Power outages, road closures and general upheaval will further complicate this season's harvest, which, since it is late summer in the southern hemisphere, was scheduled to begin soon. As Eric Asimov writes on the New York Times wine blog The Pour, even if the grapes can be harvested, wineries that have sustained damage may not have the necessary resources to produce wine.
Even before the earthquake, Chilean winemakers were having a bad year. As the Los Angeles Times reported just two weeks ago, the wine industry there has been suffering the effects of the global economic crisis. Although foreigners have been drinking more Chilean wine than ever, they have been shifting to cheaper wines just as Chilean producers were trying to make inroads into the fine wine category.
Chile, which has a topography and climate similar to California's in many ways, has been producing wine for more than 500 years. Only since the end of the dictatorship of Augusto Pinochet in the late 1980s, though, has Chile become a force in the international wine trade, establishing a reputation for good-quality, affordable wines.

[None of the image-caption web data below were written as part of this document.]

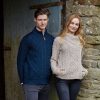 Women's Irish Cable Knitted Wool Side Zip Cardigan (100% Merino Wool)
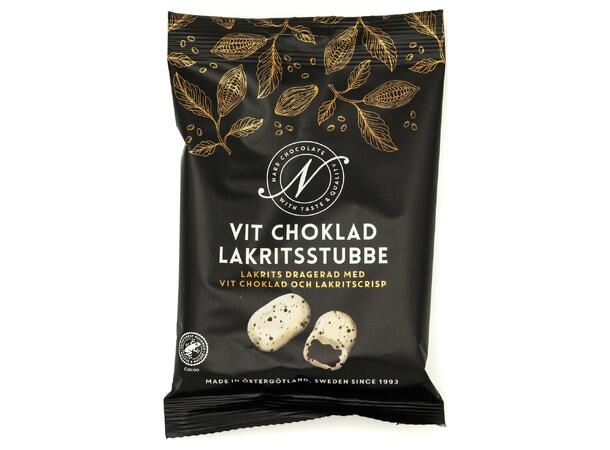 Narr Vit choklad lakritsstubbe (12 x 100g) 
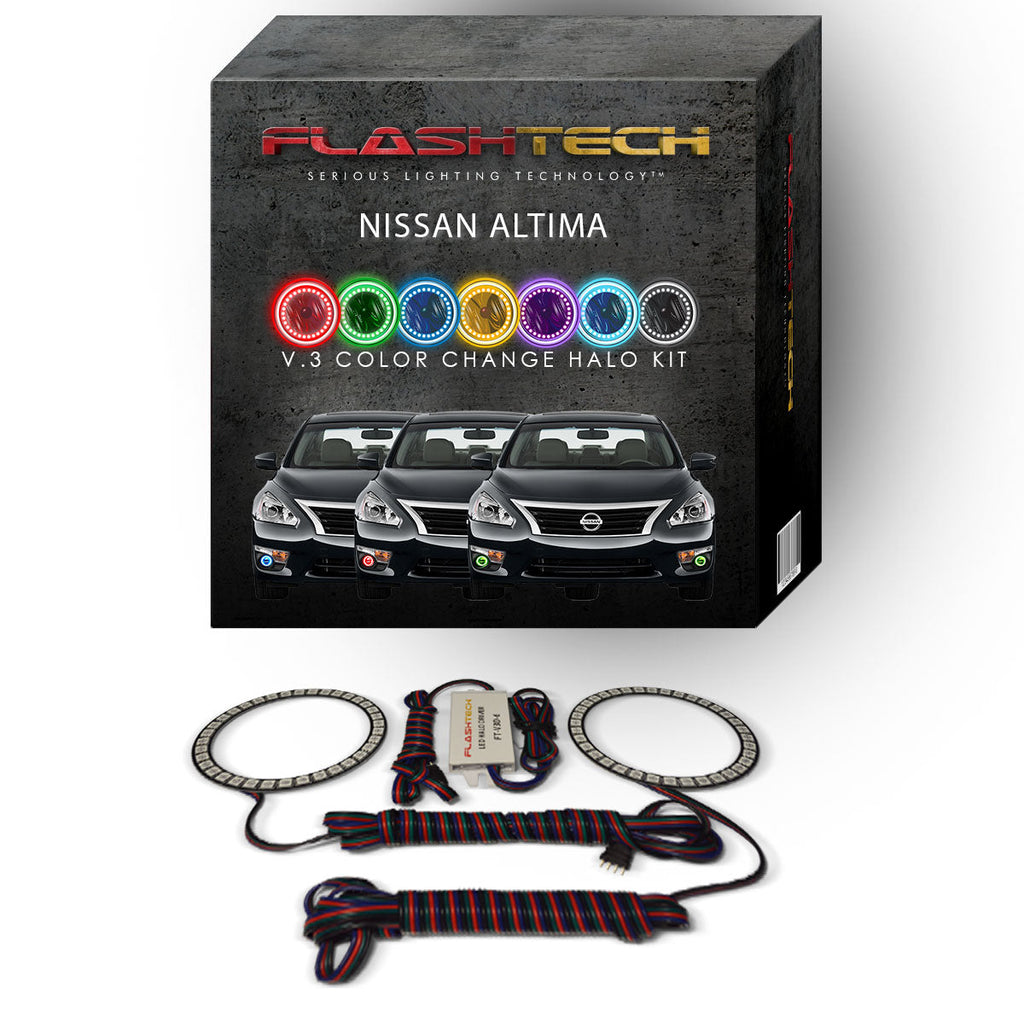 Nissan Altima Sedan V.3 Fusion Color Change LED Halo Fog Light Kit 2013-2015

Of course, climate and topography are not the only similarities between Chile and California—both are prone to earthquakes. Although the famous wine regions of Napa and Sonoma counties mostly escaped damage from the 7.1 Loma Prieta earthquake of 1989, the lesser-known wineries in the Santa Cruz mountains, close to the epicenter, were not so fortunate; many buildings and inventories were lost. Silver Mountain Winery was completely destroyed, but within five years had rebuilt and was back on its feet.